In my area they dropped to $350 first so I went and grabbed one. After a couple weeks the rest dropped to $109. I bought one for $109, left it in the box, and then returned it to another store using the receipt for the $350 unit and got my money back. A little bit of a greasy move, but at the end of the day I got the smoker and Walmart got the $109 they were asking for it.


----------



## masssmoke (Feb 21, 2019)

thanks for all the info.  I can't believe the mark downs that Walmart sometimes does.  
i will keep monitoring.  I suspect that maybe they won't mark down much with spring coming soon


----------



## RCAlan (Feb 21, 2019)

masssmoke said:


> thanks for all the info.  I can't believe the mark downs that Walmart sometimes does.
> i will keep monitoring.  I suspect that maybe they won't mark down much with spring coming soon



The PB Whiskey Still is a new model PB pellet grill, but to me it’s kinda on the level just above the PB Tailgater...  If You were to see both, the PB Copperhead 5 and the PB Whiskey Still side by side, there’s no comparison.  It’s almost like comparing a Mercedes to a FIAT...  The Whiskey Still’s hopper holds 15lbs of pellets and has 750 sq inches of cooking space for $345.00.  The Copperhead 5 holds up to 60lbs of pellets and has over 1600 square inches of cooking space for $199.00 and it’s in your area.  Dimension/size wise/ foot print, they both take up about the same amount of space. And both come with 5 year warranties.  You do the math...  You wait to long, you’ll guess wrong...  “I’ll keep monitoring”..  And miss out on a fantastic deal.

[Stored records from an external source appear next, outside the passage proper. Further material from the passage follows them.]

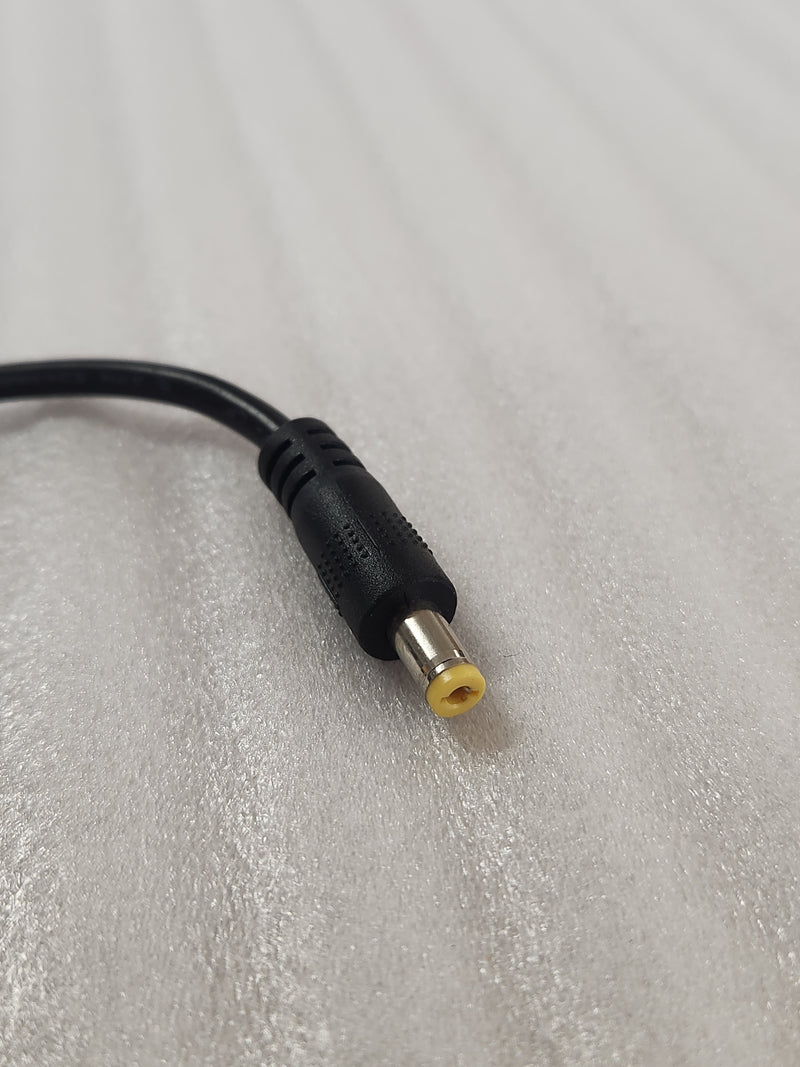 Charger 24V 2.0A Lithium 3.55mm I Plug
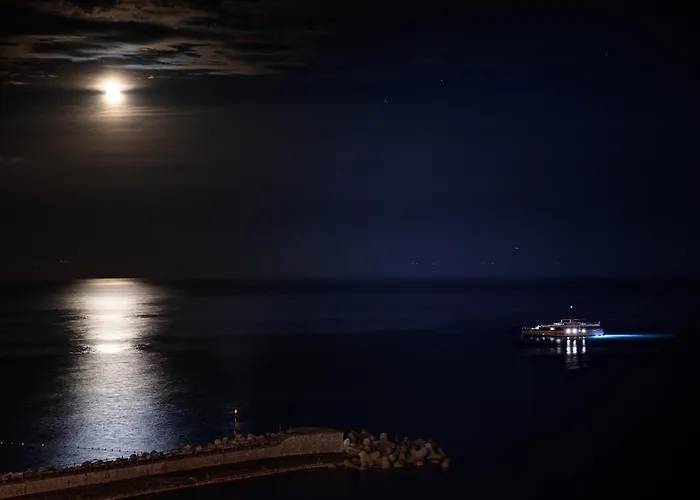 فندق مبيت وإفطار Vista D'amalfi 4*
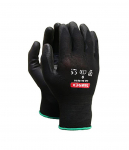 Darbo pirštinės TAMREX PerfectFit, nailonas, dydis 8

PB Austin XL in SoCal and Always...  Semper Fi


----------



## drunkenmeatfist (Feb 21, 2019)

If you are waiting on the whiskey still version to be marked down I suspect you will be disappointed since it is a new product.


----------



## jbottorff (Feb 22, 2019)

Haha...just grabbed a Copperhead 5 to go along with my current 700FB.  Didn't need it, but couldn't pass it up at $199.  It'll sit in the box for a little bit, as I still have a good foot of snow on my deck, but I look forward to messing with it shortly down the road.


----------



## RCAlan (Feb 22, 2019)

jbottorff said:


> Haha...just grabbed a Copperhead 5 to go along with my current 700FB.  Didn't need it, but couldn't pass it up at $199.  It'll sit in the box for a little bit, as I still have a good foot of snow on my deck, but I look forward to messing with it shortly down the road.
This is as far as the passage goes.